As Hayek explained in “The Counter Revolution of Science,” hard sciences use a specific set of strict rules and controls, trying to eliminate the human factor, while economics, psychology, sociology, et cetera, all specifically are attempting to understand that human factor. Instead of trying to hide human action and motivation, those are central to their disciplines. Those soft sciences, therefore, should not engage in a pretense of knowledge, where they affect precision and certainty with their metrics and math, when it’s actually somewhat worse than flipping a coin.

 

Hayek clarifies this further in his UCLA interviews in which he speaks multiple times on math:

“[…] I limit the possible achievement of economics to the explanation of a type — One of my friends has explained it as a purely algebraic theory […] you get an algebraic formula without the constants being put in. Just as you have a formula for, say, a hyperbola; if you haven’t got the constants set in, you don’t know what the shape of the hyperbola is — all you know is it’s a hyperbola. So I can say it will be a certain type of pattern, but what specific quantitative dimensions it will have, I cannot predict, because for that I would have to have more information than anybody actually has.” [3]

 

One might suggest that math is not trying to explain the thought processes or any one person’s emotions, rather they’re just calculating or observing the manifestations of economic actors, mainly in the aggregate.

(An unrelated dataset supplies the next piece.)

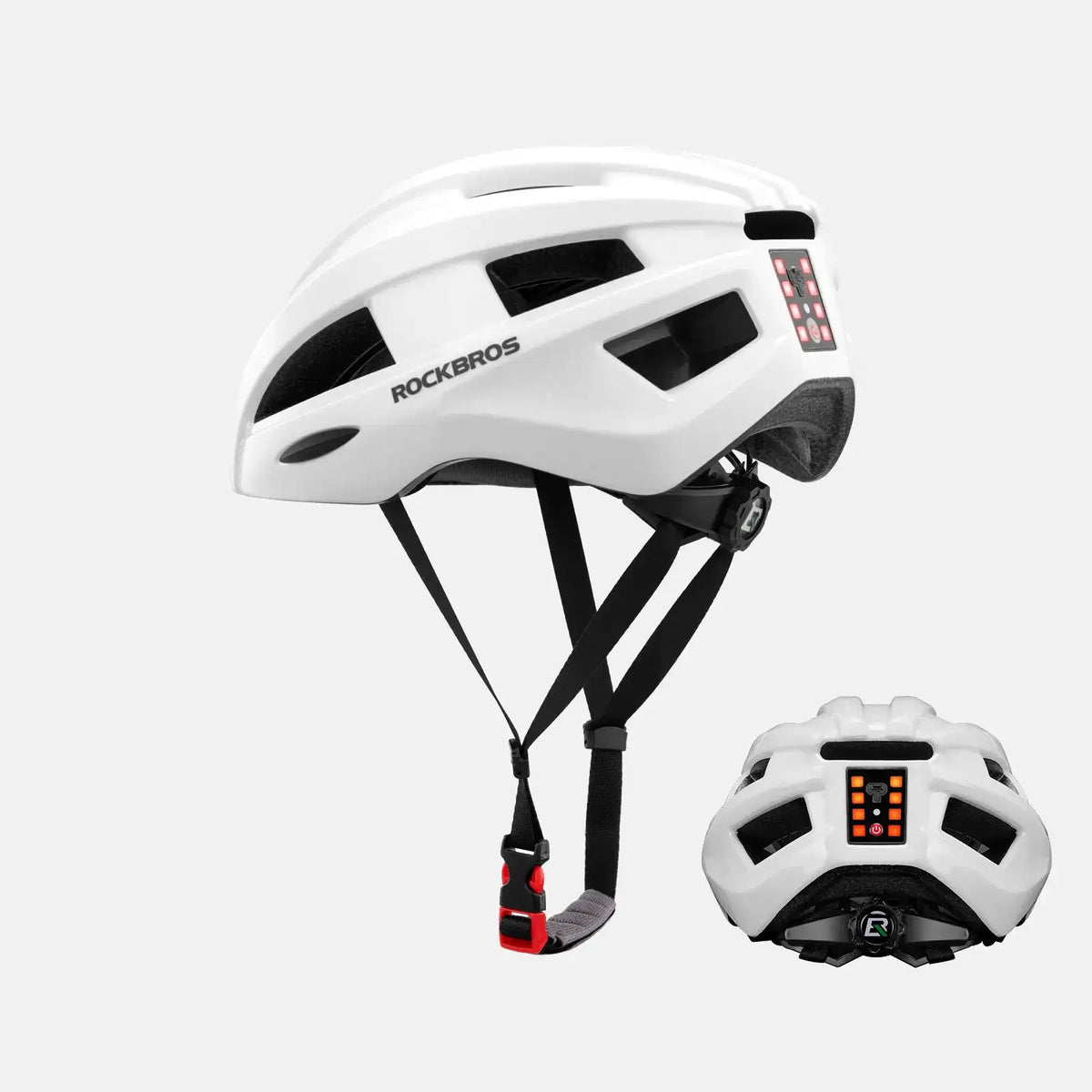 White bicycle helmet with rear LED light and adjustable chin straps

Or that it isn’t used to explain human action, it just measures the manifestations thereof.

 

However, even there, there are no constants. If you say that, historically, the money supply went up by X and prices of eggs rose by Y%, sure, you have some data. But what does this mean?

 

One approach is to logically deduce laws and then apply them to explain the data. The other is to posit some strict mathematical relationship between various data points, such that one can supposedly predict — just like with gravity or electricity — the results of various changes in that data. But the latter is clearly absurd. Also, I can’t ignore the fact that measuring is not modeling, and economic models are intended to predict, not to measure.

 

But my real point is that manifestations of human action are … well, manifestations of human action, and if there are no quantitative constants in human action, you can’t use them to predict manifestations thereof. You can’t even build a wrong model without implicitly, illegitimately, and incorrectly assigning a constant value to what in reality is a variable, and one whose value is and always will be unknown until it’s too late to call your work a prediction, and even then you only know how the “real” value as manifested in a given actor’s action, not the actual value (which is unattainable because value is subjective), so even if you assume it doesn’t change you can’t use it to correct the assumptions that led to the previous predictions.

 

Mathematical models simply do not work. Human preferences change (and circumstances from environmental to accidents to random events) matter because these changes alter, sometimes significantly, the dynamics between economic actors in relation to the scarce resources they need in their efforts to satisfy their ends, and therefore alter the market signals other actors receive, which in turn alters their actions, and on and on in a constantly adjusting way. Why? Because we live in a constantly changing, dynamic world, not a static one. Mathematics are static and precise. If you base any mathematical equation on something you perceive at one moment in time, it’s relevance to any real world situation is with almost absolute certainty going to be irrelevant and useless in a very, very, very short time.

Very.

Economics is a lot of things, but for these very reasons, precise ain’t one of them. Economic models work fantastically in a completely static economy. Sadly, completely static economies are theoretical constructs.

 

In a way though, to be clear, we all use “math” in making our own determinations in things such as accounting, speculation, financing, grocery shopping, etc. Yet, as it has been shown elsewhere, this is not economics. None of this means that “math” is bad. However, the real question is whether or not what we are discovering is an objective truth. It’s not that Austrians believe math isn’t suitable for use elsewhere, such as day-to-day life for the Average Joe, it’s that Austrians recognize that economics is a soft science, far too imprecise for equations to make accurate, or even useful, predictions.

 

Which leads me to ask again, why is it that critics complain about the lack of math in general among Austrians, but never name an actual mathematical proposition that Austrians should accept? That is, an example of an equation capable of predicting economic outcomes. One example of what the Austrians say can’t exist and everyone else insists is all around us.

 

To elaborate, let us go over some mathematical propositions in economics, along with some objections, which have been raised to Austrians that can further illustrate the Austrian position:

 

  •     “I don’t get the Austrians position on math… so wait, are you denying 2+2=4? Whaaa?”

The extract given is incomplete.